Manzano – An image understanding and generation model developed by Apple

What is Manzano？

Manzano is a new multimodal large language model (LLM) developed by Apple that unifies both image understanding and image generation. The model employs a hybrid vision tokenizer that converts images into continuous embeddings for understanding tasks, and into discrete image tokens for generation tasks. At its core, Manzano uses an autoregressive LLM decoder capable of predicting both text and image tokens. Additionally, Manzano is equipped with a diffusion decoder to transform generated image tokens into pixel-level images. This enables Manzano to excel at both understanding and generation tasks, with performance scaling as the model size increases.

Key Features of Manzano

Image Understanding: The model can interpret image content and answer questions related to images.
Image Generation: Generates high-quality images from text prompts, supporting complex instructions and producing creative, detailed outputs.
Image Editing: Supports text-driven editing tasks, such as style transfer, local modifications, and content expansion.
Multimodal Interaction: Combines text and image information to handle complex multimodal tasks, including mixed text–image Q&A and creative generation.

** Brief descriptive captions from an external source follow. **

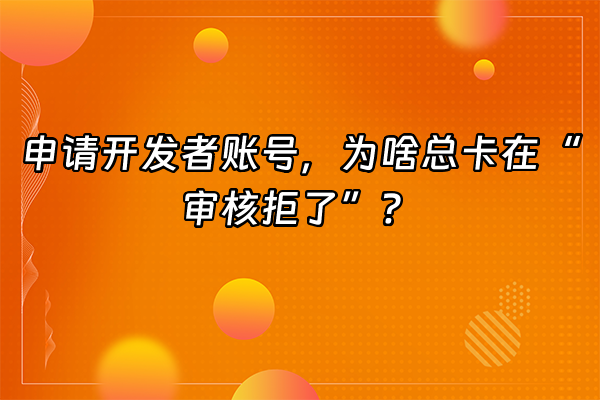 +申请开发者账号，为啥总卡在“审核拒了”？+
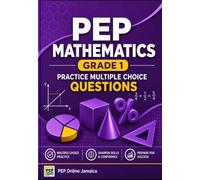 PEP Mathematics Grade 1: Practice Multiple Choice Questions (PEP Jamaica Series)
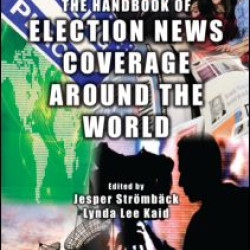 The Handbook of Election News Coverage Around the World The Handbook of Election News Coverage Around the World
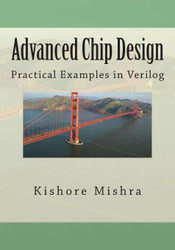 Advanced Chip Design Practical Examples in Verilog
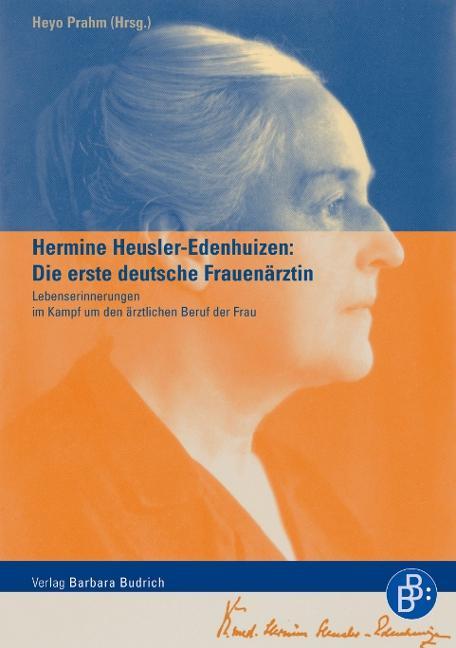 Hermine Heusler-Edenhuizen: Die erste deutsche Frauenaerztin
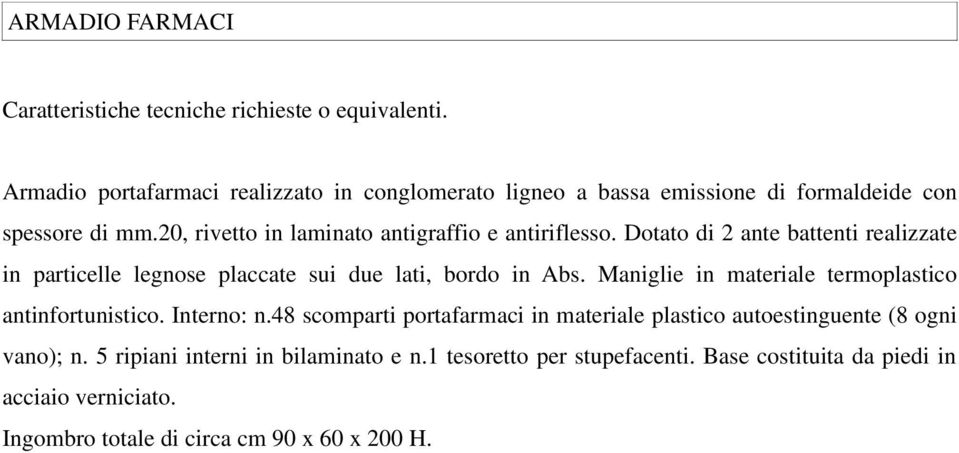 Dotato di 2 ante battenti realizzate in particelle legnose placcate sui due lati, bordo in Abs.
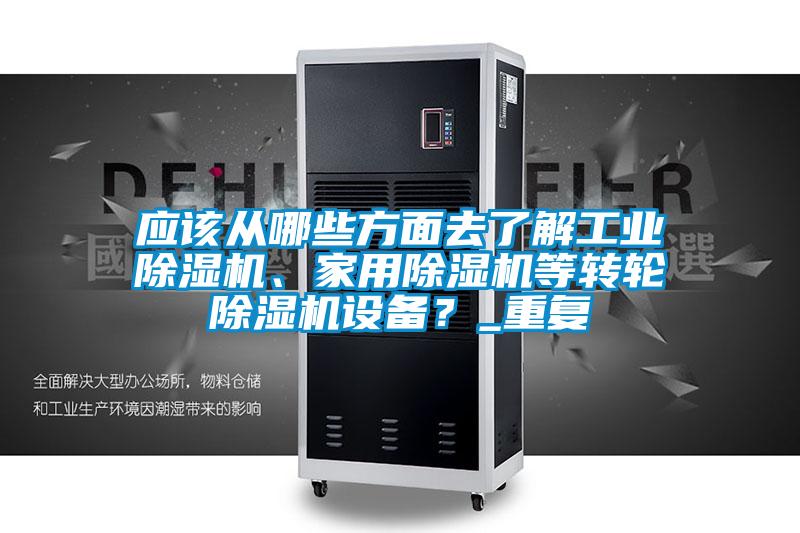 應(yīng)該從哪些方面去了解工業(yè)除濕機、家用除濕機等轉(zhuǎn)輪除濕機設(shè)備？_重復(fù)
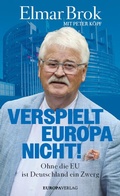 Cover: Verspielt Europa nicht! - Europa Verlage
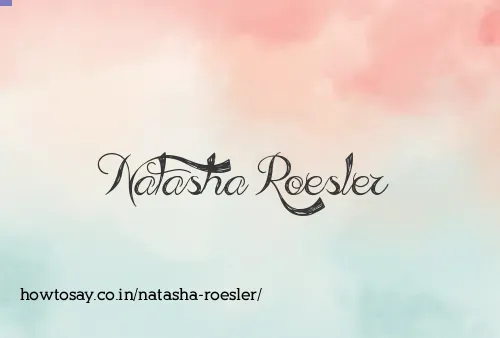 Natasha Roesler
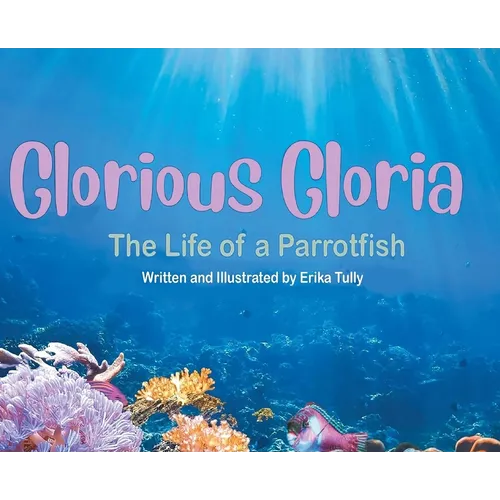 Glorious Gloria: The Life of A Parrotfish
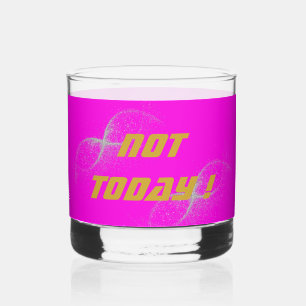 Gold "NOT TODAY!" with Silver Glitter on Pink    Whiskey Glass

Technical Principles of Manzano

Hybrid Vision Tokenizer:
- Continuous Embeddings: Used for image understanding tasks, encoding images into continuous vectors that preserve rich semantic information.
- Discrete Tokens: Used for image generation tasks, encoding images into discrete tokens that facilitate autoregressive generation.
Autoregressive LLM Decoder: Processes both text and image tokens, predicting the next token (text or image). This unified approach enables joint learning across multimodal tasks, allowing the model to handle both understanding and generation.
Diffusion Decoder: Converts generated discrete image tokens into pixel-level images, leveraging the powerful generative capacity of diffusion models to ensure high quality and fine details.
Unified Training Framework: Pretrained on large-scale text and image datasets to learn general language and visual representations. The model is further trained on high-quality subsets to boost performance, and fine-tuned on task-specific data for better domain adaptation.

Project Link

arXiv technical paper: https://arxiv.org/pdf/2509.16197

Application Scenarios of Manzano

Image Understanding: Applied to visual question answering (VQA), assisting doctors in quickly and accurately interpreting medical images, answering questions, and supporting diagnosis.
Image Generation: In creative design, generates high-quality images from textual descriptions, providing inspiration and assets for advertising, game art, and more.
Image Editing: For content creators, enables text-driven image editing (style transfer, local modifications, etc.), allowing fast realization of creative ideas.
Document Understanding: In document processing, interprets embedded images to support content extraction, analysis, and Q&A, improving office productivity.
Multimodal Interaction: In smart education, combines text and images to provide more intuitive and vivid learning experiences—for example, visually explaining complex scientific concepts.